#### [Problem details]
Below is a block of entries; repeat exactly the lines starting at the line that contains "Серьги с тигровым глазом и раухтопазом" and ending at the line that contains "RCS1061 Mint green", both included.

#### [Task data]
################

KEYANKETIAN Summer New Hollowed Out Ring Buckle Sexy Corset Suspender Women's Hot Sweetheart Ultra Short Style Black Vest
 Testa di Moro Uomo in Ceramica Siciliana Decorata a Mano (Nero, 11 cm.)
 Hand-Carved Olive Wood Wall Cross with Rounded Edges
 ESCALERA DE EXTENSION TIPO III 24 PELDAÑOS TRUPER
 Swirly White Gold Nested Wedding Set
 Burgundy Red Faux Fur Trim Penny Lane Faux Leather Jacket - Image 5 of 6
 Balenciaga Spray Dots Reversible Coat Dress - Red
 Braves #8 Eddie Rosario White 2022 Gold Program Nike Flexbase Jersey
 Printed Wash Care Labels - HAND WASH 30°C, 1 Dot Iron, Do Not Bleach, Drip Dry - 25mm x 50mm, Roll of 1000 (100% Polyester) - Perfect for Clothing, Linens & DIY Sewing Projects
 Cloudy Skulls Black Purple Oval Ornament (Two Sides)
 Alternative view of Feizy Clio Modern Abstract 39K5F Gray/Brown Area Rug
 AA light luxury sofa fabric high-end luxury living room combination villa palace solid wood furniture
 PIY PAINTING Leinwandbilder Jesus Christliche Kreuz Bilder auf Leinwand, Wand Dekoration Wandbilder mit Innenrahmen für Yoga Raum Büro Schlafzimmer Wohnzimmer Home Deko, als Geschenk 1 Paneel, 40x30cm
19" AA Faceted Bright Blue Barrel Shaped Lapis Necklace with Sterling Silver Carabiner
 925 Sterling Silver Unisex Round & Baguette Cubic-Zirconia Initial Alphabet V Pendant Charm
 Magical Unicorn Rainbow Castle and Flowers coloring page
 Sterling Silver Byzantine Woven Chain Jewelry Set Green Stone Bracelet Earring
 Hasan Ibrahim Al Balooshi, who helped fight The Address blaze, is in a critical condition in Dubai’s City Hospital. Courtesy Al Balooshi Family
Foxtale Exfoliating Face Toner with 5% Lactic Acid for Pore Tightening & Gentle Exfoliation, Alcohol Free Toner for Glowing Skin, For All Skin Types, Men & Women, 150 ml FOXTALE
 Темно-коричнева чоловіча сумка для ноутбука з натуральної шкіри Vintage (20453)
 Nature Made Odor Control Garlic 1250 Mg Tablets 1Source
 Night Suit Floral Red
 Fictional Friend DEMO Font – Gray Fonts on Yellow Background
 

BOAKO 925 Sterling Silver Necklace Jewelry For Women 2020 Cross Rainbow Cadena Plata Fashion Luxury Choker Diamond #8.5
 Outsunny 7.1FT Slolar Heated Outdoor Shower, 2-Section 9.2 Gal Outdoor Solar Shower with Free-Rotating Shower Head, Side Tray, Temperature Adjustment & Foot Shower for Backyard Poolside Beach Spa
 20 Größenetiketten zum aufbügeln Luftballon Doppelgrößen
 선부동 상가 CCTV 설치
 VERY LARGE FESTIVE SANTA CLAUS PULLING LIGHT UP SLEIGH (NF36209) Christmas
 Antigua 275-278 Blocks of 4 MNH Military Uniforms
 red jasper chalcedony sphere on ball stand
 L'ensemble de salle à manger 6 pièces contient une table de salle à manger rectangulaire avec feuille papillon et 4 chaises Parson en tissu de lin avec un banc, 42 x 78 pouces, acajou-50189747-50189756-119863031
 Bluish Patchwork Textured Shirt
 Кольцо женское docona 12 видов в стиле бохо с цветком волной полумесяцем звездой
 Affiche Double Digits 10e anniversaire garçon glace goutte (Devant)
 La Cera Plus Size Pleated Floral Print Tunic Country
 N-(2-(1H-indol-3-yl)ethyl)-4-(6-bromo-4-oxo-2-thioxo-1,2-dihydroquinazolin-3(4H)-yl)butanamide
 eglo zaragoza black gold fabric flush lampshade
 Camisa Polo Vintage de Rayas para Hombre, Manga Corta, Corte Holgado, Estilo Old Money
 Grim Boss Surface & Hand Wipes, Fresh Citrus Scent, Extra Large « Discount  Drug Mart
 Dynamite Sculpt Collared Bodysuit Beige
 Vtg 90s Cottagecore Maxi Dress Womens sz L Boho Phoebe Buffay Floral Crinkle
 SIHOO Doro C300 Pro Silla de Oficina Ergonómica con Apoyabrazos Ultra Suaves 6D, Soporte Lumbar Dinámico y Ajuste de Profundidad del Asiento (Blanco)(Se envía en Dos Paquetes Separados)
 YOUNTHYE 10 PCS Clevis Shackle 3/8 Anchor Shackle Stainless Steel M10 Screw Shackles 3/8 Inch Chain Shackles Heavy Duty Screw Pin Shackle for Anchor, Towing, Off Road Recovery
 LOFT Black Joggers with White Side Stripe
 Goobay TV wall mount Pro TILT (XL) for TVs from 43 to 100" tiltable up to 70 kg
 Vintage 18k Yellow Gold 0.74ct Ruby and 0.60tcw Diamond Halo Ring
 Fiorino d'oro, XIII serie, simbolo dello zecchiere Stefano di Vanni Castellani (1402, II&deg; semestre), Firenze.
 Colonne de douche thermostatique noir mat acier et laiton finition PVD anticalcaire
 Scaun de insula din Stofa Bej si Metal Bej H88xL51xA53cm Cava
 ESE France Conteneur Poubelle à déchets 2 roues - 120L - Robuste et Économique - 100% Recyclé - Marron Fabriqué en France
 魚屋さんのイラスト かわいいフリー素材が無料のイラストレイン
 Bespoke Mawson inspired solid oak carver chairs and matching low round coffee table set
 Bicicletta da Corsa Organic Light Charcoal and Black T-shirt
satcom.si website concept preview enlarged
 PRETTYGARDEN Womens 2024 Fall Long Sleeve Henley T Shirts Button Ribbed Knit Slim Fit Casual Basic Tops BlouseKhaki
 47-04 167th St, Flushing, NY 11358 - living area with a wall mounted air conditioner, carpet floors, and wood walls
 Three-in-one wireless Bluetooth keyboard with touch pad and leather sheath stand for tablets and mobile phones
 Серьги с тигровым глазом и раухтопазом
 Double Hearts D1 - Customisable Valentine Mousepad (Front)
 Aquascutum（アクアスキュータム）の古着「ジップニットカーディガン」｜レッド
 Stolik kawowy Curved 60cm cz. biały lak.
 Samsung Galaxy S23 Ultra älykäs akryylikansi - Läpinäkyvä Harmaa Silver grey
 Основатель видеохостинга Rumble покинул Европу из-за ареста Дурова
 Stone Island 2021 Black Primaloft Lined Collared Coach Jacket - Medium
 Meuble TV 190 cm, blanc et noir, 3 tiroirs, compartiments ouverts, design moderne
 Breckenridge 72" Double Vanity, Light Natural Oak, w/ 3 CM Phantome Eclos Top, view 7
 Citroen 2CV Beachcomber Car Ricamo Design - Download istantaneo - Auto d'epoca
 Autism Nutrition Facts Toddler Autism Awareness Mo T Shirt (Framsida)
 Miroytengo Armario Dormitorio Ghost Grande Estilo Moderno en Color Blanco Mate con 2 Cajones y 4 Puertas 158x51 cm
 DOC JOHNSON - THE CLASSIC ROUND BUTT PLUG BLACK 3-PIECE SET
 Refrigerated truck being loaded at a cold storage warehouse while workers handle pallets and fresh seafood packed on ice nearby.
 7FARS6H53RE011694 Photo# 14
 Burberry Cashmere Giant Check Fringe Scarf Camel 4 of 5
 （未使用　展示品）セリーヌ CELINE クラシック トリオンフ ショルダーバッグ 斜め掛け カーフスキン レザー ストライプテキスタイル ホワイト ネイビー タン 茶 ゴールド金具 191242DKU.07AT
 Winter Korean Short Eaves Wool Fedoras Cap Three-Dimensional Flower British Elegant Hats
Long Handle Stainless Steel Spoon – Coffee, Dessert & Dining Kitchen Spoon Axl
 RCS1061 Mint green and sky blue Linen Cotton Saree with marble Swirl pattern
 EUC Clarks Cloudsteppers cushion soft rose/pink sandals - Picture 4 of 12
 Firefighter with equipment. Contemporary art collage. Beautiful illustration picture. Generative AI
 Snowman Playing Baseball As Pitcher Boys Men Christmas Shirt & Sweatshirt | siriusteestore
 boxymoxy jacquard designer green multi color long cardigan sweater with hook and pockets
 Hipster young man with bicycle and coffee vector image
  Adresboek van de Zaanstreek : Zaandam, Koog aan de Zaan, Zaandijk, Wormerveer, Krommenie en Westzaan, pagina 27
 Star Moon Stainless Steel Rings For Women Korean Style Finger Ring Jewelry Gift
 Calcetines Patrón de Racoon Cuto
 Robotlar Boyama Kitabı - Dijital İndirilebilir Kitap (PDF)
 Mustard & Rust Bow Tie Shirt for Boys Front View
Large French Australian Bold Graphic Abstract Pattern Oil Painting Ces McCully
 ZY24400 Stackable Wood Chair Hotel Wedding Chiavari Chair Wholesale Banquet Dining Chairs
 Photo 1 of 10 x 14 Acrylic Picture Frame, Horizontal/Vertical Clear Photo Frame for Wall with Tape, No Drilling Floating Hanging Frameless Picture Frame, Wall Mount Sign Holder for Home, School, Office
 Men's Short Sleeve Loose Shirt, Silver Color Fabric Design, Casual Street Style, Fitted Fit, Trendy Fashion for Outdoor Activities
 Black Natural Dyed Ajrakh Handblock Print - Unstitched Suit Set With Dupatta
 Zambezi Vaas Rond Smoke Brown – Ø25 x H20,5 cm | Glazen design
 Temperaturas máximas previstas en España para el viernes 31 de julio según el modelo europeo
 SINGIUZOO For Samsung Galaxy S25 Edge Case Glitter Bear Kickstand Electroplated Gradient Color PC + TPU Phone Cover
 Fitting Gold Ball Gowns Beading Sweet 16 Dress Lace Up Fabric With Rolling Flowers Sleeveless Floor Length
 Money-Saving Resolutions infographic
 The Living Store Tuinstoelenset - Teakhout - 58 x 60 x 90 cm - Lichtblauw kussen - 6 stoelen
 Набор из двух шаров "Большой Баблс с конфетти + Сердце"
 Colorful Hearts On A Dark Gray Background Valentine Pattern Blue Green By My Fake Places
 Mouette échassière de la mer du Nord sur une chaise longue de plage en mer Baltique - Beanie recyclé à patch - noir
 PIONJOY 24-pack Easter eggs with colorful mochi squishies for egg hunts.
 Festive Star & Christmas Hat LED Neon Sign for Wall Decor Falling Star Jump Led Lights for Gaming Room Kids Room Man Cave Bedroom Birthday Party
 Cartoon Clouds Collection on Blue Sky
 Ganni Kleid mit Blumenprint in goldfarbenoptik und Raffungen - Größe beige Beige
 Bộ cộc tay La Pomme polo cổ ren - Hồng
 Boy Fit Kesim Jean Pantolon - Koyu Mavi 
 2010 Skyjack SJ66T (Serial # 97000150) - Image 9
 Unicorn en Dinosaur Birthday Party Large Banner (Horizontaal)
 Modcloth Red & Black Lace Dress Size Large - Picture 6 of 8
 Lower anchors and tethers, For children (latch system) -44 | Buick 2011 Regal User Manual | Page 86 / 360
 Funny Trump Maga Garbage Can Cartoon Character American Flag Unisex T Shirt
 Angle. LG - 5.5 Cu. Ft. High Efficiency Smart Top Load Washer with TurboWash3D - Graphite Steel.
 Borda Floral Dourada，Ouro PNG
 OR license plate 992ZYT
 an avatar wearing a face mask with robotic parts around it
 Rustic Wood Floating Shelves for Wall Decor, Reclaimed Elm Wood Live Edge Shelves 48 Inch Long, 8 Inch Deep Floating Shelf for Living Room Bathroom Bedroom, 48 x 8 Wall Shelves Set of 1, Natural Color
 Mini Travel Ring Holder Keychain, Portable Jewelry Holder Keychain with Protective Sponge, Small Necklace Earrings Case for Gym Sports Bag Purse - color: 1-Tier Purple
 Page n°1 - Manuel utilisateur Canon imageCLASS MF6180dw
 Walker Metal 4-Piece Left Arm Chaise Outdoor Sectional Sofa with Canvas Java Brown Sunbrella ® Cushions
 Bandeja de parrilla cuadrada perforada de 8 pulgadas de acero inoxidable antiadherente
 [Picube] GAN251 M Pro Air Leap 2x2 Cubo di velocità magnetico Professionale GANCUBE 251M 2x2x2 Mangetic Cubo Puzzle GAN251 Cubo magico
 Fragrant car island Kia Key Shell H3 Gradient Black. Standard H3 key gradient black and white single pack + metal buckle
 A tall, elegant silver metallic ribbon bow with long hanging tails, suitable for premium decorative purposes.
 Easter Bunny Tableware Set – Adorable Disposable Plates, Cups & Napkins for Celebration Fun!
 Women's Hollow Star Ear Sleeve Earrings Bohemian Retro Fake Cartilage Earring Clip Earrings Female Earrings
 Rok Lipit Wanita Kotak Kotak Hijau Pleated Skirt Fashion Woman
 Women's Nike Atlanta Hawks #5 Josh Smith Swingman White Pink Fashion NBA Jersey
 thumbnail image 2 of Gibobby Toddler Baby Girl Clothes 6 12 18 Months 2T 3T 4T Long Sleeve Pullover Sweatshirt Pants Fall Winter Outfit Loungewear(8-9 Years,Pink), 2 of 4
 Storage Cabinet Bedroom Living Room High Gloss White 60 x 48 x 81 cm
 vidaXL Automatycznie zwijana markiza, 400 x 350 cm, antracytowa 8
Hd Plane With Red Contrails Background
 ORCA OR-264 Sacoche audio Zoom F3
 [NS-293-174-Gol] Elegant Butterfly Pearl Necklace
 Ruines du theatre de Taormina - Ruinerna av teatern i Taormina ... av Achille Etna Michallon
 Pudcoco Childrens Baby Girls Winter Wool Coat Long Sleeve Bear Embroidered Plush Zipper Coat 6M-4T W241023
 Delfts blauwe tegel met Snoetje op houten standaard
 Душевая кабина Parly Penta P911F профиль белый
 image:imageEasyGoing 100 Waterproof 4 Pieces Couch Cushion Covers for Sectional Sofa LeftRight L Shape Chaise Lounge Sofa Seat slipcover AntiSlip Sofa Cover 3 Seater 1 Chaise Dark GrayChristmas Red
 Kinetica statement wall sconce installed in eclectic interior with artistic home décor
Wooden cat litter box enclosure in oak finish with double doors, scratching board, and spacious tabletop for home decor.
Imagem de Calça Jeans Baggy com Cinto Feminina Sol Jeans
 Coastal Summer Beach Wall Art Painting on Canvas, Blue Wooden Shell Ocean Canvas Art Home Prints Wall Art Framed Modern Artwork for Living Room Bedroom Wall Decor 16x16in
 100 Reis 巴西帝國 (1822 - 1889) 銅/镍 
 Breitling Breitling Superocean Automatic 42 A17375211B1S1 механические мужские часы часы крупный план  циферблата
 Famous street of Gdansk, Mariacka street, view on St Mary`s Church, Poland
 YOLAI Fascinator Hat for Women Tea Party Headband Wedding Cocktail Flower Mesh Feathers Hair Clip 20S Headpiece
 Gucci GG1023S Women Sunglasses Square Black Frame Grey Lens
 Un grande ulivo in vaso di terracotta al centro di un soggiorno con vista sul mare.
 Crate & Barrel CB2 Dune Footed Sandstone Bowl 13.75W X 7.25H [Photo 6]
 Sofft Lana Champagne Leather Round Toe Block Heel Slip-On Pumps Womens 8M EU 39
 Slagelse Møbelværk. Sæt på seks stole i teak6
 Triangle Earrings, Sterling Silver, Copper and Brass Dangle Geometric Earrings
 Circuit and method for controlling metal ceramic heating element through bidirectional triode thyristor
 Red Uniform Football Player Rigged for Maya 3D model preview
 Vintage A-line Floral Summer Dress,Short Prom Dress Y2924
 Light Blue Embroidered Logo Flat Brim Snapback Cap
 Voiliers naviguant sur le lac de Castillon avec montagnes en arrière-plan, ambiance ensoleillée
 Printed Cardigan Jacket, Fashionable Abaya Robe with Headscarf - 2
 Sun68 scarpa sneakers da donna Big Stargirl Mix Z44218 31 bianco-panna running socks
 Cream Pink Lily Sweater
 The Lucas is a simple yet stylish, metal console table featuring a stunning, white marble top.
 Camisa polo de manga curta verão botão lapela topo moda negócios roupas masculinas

################

#### [Result for this task]
 Серьги с тигровым глазом и раухтопазом
 Double Hearts D1 - Customisable Valentine Mousepad (Front)
 Aquascutum（アクアスキュータム）の古着「ジップニットカーディガン」｜レッド
 Stolik kawowy Curved 60cm cz. biały lak.
 Samsung Galaxy S23 Ultra älykäs akryylikansi - Läpinäkyvä Harmaa Silver grey
 Основатель видеохостинга Rumble покинул Европу из-за ареста Дурова
 Stone Island 2021 Black Primaloft Lined Collared Coach Jacket - Medium
 Meuble TV 190 cm, blanc et noir, 3 tiroirs, compartiments ouverts, design moderne
 Breckenridge 72" Double Vanity, Light Natural Oak, w/ 3 CM Phantome Eclos Top, view 7
 Citroen 2CV Beachcomber Car Ricamo Design - Download istantaneo - Auto d'epoca
 Autism Nutrition Facts Toddler Autism Awareness Mo T Shirt (Framsida)
 Miroytengo Armario Dormitorio Ghost Grande Estilo Moderno en Color Blanco Mate con 2 Cajones y 4 Puertas 158x51 cm
 DOC JOHNSON - THE CLASSIC ROUND BUTT PLUG BLACK 3-PIECE SET
 Refrigerated truck being loaded at a cold storage warehouse while workers handle pallets and fresh seafood packed on ice nearby.
 7FARS6H53RE011694 Photo# 14
 Burberry Cashmere Giant Check Fringe Scarf Camel 4 of 5
 （未使用　展示品）セリーヌ CELINE クラシック トリオンフ ショルダーバッグ 斜め掛け カーフスキン レザー ストライプテキスタイル ホワイト ネイビー タン 茶 ゴールド金具 191242DKU.07AT
 Winter Korean Short Eaves Wool Fedoras Cap Three-Dimensional Flower British Elegant Hats
Long Handle Stainless Steel Spoon – Coffee, Dessert & Dining Kitchen Spoon Axl
 RCS1061 Mint green and sky blue Linen Cotton Saree with marble Swirl pattern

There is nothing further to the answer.